LLM-Generated Rewrite and Context Modulation for Enhanced Vision Language Models in Digital Pathology


Bahadir C. D., AKAR G., Sabuncu M. R.

2025 IEEE/CVF Winter Conference on Applications of Computer Vision, WACV 2025, Arizona, Amerika Birleşik Devletleri, 28 Şubat - 04 Mart 2025, ss.327-336, (Tam Metin Bildiri) identifier

  • Yayın Türü: Bildiri / Tam Metin Bildiri
  • Doi Numarası: 10.1109/wacv61041.2025.00042
  • Basıldığı Şehir: Arizona
  • Basıldığı Ülke: Amerika Birleşik Devletleri
  • Sayfa Sayıları: ss.327-336
  • Anahtar Kelimeler: digital pathology, large language models, vision language models
  • Orta Doğu Teknik Üniversitesi Adresli: Evet

Özet

Recent advancements in vision-language models (VLMs) have found important applications in medical imaging, particularly in digital pathology. VLMs demand large-scale datasets of image-caption pairs, which is often hard to obtain in medical domains. State-of-the-art VLMs in digital pathology have been pre-trained on datasets that are significantly smaller than their computer vision counterparts.

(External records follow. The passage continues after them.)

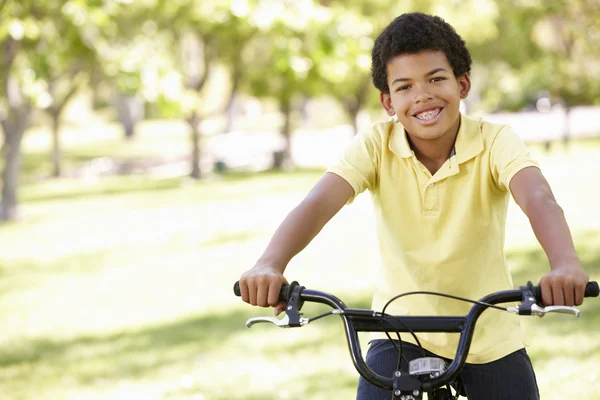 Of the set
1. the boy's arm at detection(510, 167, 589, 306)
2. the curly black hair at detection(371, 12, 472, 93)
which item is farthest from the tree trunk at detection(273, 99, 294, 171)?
the boy's arm at detection(510, 167, 589, 306)

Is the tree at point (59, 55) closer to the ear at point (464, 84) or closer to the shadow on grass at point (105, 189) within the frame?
the shadow on grass at point (105, 189)

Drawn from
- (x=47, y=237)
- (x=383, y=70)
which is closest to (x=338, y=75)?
(x=383, y=70)

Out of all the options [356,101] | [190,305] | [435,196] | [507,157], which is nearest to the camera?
[507,157]

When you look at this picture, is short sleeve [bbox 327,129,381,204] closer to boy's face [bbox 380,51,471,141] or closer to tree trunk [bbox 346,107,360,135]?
boy's face [bbox 380,51,471,141]

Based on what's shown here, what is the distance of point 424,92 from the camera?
3.10 m

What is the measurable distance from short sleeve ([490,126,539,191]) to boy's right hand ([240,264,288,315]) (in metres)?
0.86

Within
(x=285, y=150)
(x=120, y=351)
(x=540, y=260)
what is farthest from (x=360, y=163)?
(x=285, y=150)

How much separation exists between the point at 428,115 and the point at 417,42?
24 centimetres

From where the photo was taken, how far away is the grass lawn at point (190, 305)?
290 inches

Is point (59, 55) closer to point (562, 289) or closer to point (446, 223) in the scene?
point (446, 223)

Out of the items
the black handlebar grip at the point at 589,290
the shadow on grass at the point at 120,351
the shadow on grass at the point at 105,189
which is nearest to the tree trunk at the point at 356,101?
the shadow on grass at the point at 105,189

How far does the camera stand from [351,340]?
273 centimetres

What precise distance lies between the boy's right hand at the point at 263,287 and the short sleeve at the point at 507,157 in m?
0.86

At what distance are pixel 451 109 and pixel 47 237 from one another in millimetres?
17238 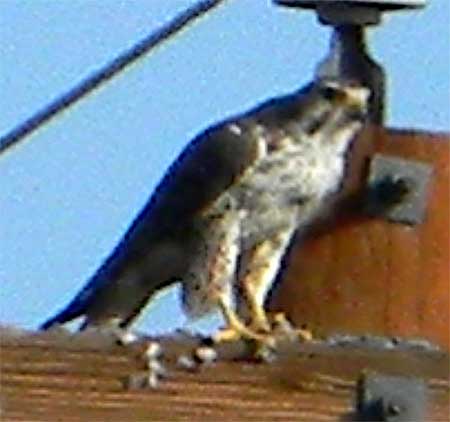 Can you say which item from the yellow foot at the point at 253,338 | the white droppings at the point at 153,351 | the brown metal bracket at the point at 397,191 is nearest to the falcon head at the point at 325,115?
the brown metal bracket at the point at 397,191

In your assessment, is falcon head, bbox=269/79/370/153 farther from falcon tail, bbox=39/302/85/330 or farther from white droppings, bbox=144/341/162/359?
white droppings, bbox=144/341/162/359

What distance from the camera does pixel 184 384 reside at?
155cm

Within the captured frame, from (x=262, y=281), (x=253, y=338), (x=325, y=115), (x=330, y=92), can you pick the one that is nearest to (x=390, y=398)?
(x=253, y=338)

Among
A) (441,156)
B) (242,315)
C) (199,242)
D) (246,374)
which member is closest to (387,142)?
(441,156)

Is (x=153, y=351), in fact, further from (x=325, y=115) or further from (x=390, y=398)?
(x=325, y=115)

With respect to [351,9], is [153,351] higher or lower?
lower

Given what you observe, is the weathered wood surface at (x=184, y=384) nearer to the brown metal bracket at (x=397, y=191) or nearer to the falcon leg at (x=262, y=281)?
the falcon leg at (x=262, y=281)

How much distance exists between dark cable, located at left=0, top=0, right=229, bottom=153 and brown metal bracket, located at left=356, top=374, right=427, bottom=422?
2.14 ft

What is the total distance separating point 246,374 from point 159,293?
5.69 feet

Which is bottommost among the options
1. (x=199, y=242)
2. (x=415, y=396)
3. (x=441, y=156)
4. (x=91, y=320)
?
(x=199, y=242)

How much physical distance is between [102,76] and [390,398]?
795 mm

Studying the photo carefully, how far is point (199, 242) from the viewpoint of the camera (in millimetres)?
3641

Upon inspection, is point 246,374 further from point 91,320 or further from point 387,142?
point 91,320

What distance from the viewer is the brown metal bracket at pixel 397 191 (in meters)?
1.81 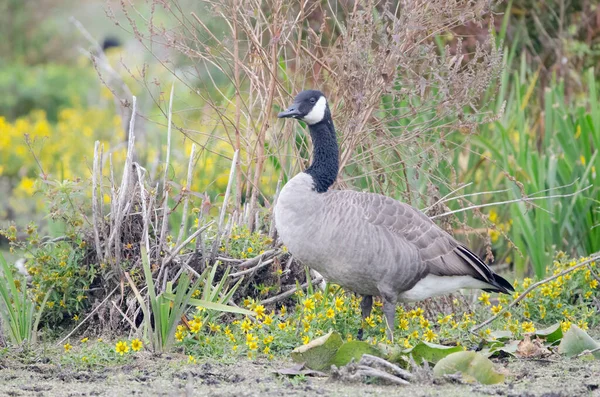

Furthermore, the caption of a pathology slide often refers to a small sub-set of features in the image-an important point that is ignored in existing VLM pre-training schemes. Another important issue that is under-appericated is that the performance of state-of-the-art VLMs in zero-shot classification tasks can be sensitive to the choice of the prompts. In this paper, we first employ language rewrites using a large language model (LLM) to enrich a public pathology image-caption dataset and make it publicly available. Our extensive experiments demonstrate that by training with language rewrites, we can boost the performance of a state-of-the-art digital pathology VLM on downstream tasks such as zero-shot classification, and text-to-image and image-to-text retrieval. We further leverage LLMs to demonstrate the sensitivity of zero-shot classification results to the choice of prompts and propose a scalable approach to characterize this when comparing models. Finally, we present a novel context modulation layer that adjusts the image embeddings for better aligning with the paired text and use context-specific language rewrites for training this layer. In our results, we show that the proposed context modulation framework can further yield substantial performance gains.